Nellie split her time between the Avenue Carnot with George, Rue Jouffroy and the Voice.
The Voice had to be trained, cared for and worried about. Nellie’s nasal accent had to be ironed out and the distorted vowels rounded into shape. (17)
Nellie saw her first opera in a real opera house in Paris with Marchesi who continued the careful training of her pupil.
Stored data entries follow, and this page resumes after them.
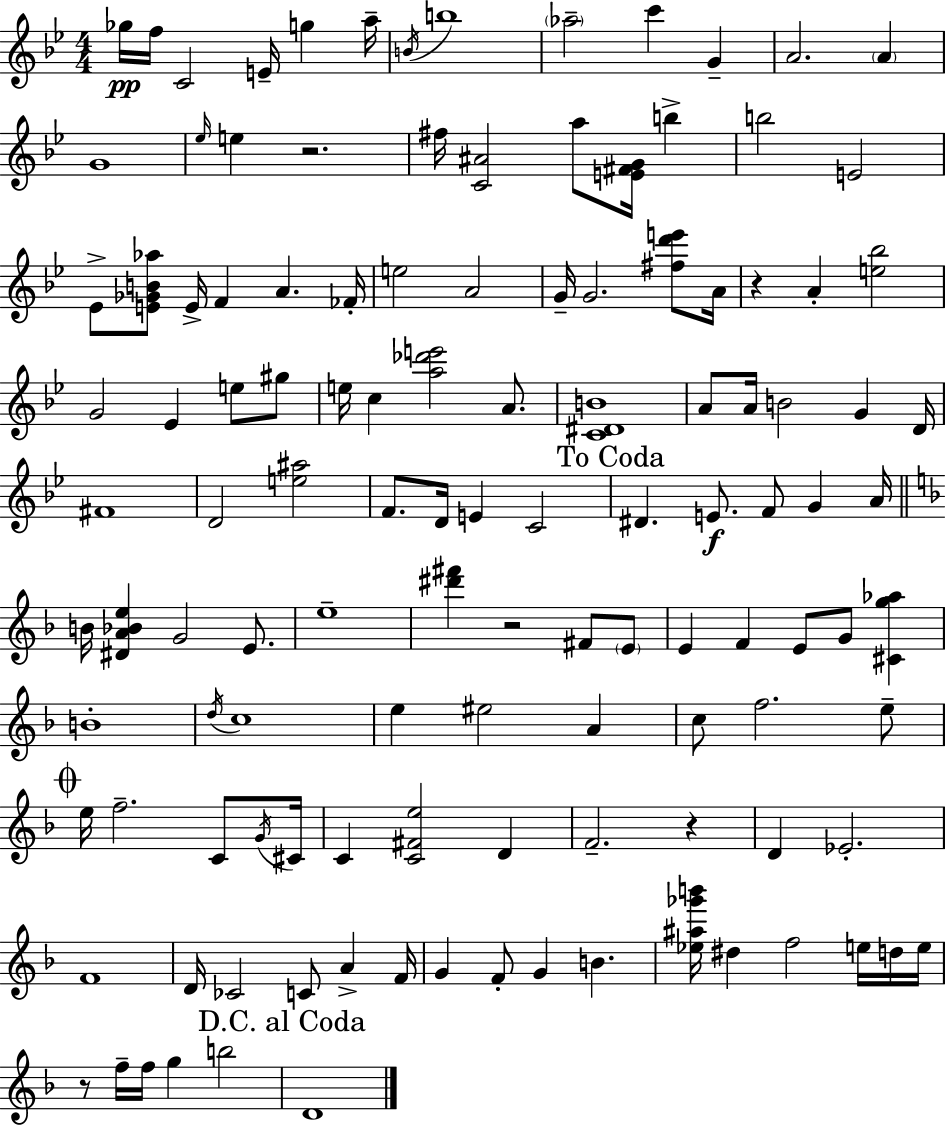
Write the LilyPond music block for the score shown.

{
  \clef treble
  \numericTimeSignature
  \time 4/4
  \key g \minor
  ges''16\pp f''16 c'2 e'16-- g''4 a''16-- | \acciaccatura { b'16 } b''1 | \parenthesize aes''2-- c'''4 g'4-- | a'2. \parenthesize a'4 | \break g'1 | \grace { ees''16 } e''4 r2. | fis''16 <c' ais'>2 a''8 <e' fis' g'>16 b''4-> | b''2 e'2 | \break ees'8-> <e' ges' b' aes''>8 e'16-> f'4 a'4. | fes'16-. e''2 a'2 | g'16-- g'2. <fis'' d''' e'''>8 | a'16 r4 a'4-. <e'' bes''>2 | \break g'2 ees'4 e''8 | gis''8 e''16 c''4 <a'' des''' e'''>2 a'8. | <c' dis' b'>1 | a'8 a'16 b'2 g'4 | \break d'16 fis'1 | d'2 <e'' ais''>2 | f'8. d'16 e'4 c'2 | \mark "To Coda" dis'4. e'8.\f f'8 g'4 | \break a'16 \bar "||" \break \key f \major b'16 <dis' a' bes' e''>4 g'2 e'8. | e''1-- | <dis''' fis'''>4 r2 fis'8 \parenthesize e'8 | e'4 f'4 e'8 g'8 <cis' g'' aes''>4 | \break b'1-. | \acciaccatura { d''16 } c''1 | e''4 eis''2 a'4 | c''8 f''2. e''8-- | \break \mark \markup { \musicglyph "scripts.coda" } e''16 f''2.-- c'8 | \acciaccatura { g'16 } cis'16 c'4 <c' fis' e''>2 d'4 | f'2.-- r4 | d'4 ees'2.-. | \break f'1 | d'16 ces'2 c'8 a'4-> | f'16 g'4 f'8-. g'4 b'4. | <ees'' ais'' ges''' b'''>16 dis''4 f''2 e''16 | \break d''16 e''16 r8 f''16-- f''16 g''4 b''2 | \mark "D.C. al Coda" d'1 | \bar "|."
}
Melba described the event which was a first night at the Paris Opera:
“I stood in the entrance to the foyer, desolated and amazed by the bigness of it all. It seemed to me incredible that so wonderful a place could exist, and when I was sitting in my stall and the curtain had risen, when I heard the first strains of that marvellous orchestra, the first echoes of the perfect chorus, I leaned back in my seat and thought that if I only could sing on that stage for once, I would die happy. The friend at my side, Mlle. Mimaut, turned to me at the end of the First Act and said: “It will not be long before you are singing here, too.”
I laughed out loud.
“What an extraordinary thing to say,” I remarked.
But Mlle. Mimaut was right, for not so very long afterwards I was to make my debut before one of the greatest audiences that the Opera House had ever known.” (18)
Word had spread through operatic circles that Marchesi had a new, talented pupil but society had to wait until December 1886 to hear Nellie in her first performance in Paris – concert at Rue Jouffroy.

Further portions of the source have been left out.